ただ「積立」とはいえ投資商品なので、実際には運用の結果がマイナスになることもあるでしょう。けれど、このシミュレーターには「マイナス」が入らない。これだと、積み立てたものは増えこそすれ目減りするなどとは誰も思わないでしょう。確かに読みにくい小さな字で「内容の正確性、完全性、信頼性等を保証するものではありません」と書かれていますが、国がすすめるのですから、むしろ目減りのリスクについては大きく書いておくべきでしょう。
国がすすめるから大丈夫などと、安心しない方がいいかもしれません。
「老後人生への投資」も忘れずに
将来への不安から無理してでも投資をしなくてはと思うより、気持ちよく働き続けられる環境を整えたり、趣味の時間を楽しんだりして、心身ともに前向きに過ごす方が、価値のある「人生への投資」だと思うのですが、いかがでしょうか。
会社勤めの間は自分のやりたいことを我慢してきた人も多いでしょう。
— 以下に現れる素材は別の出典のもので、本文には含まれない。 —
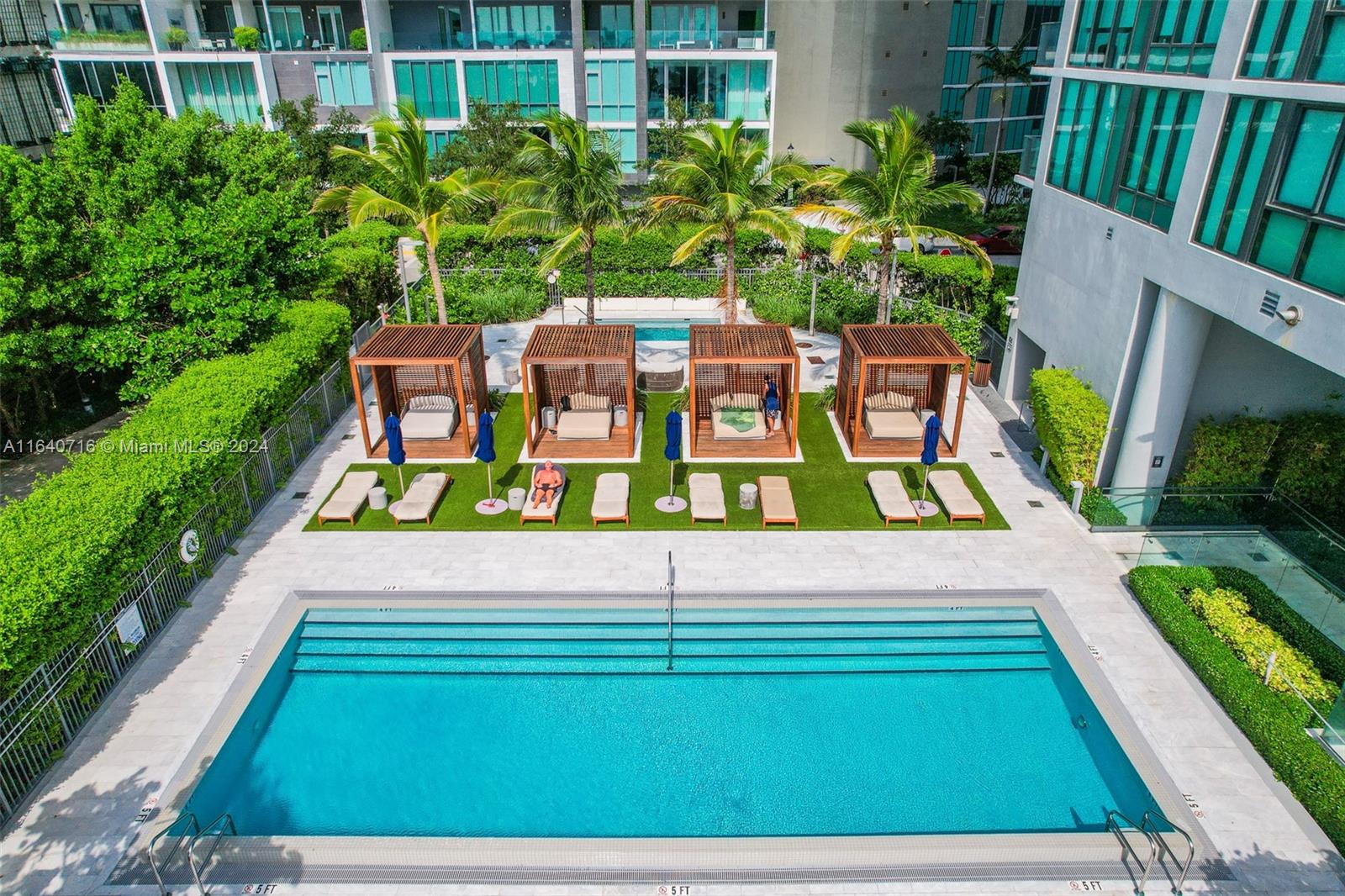 ONE PARAISO CONDO - Residential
もし、そのやりたいことが「投資」であるなら、挑戦してみるのもいいかもしれません。しかし、そうではないのなら、「全国を歩いて花の写真を撮りたい」「鉄道模型を心ゆくまで作りたい」「思い切りゲームを楽しみたい」といった夢に時間を使う方が、よほど充実した人生を送れるはずです。
人間はいつか必ず人生の終わりを迎えます。その時に「ああ、いい人生だった」と思えることこそが人生の理想なのではないでしょうか。そう考えれば、投資の数字に一喜一憂して寿命を縮めるより、自分の好きなことに没頭する時間を大切にした方が幸せではないでしょうか。投資が生きがいだという人ならともかく、そうでないのなら、無理に投資をする必要はないのです。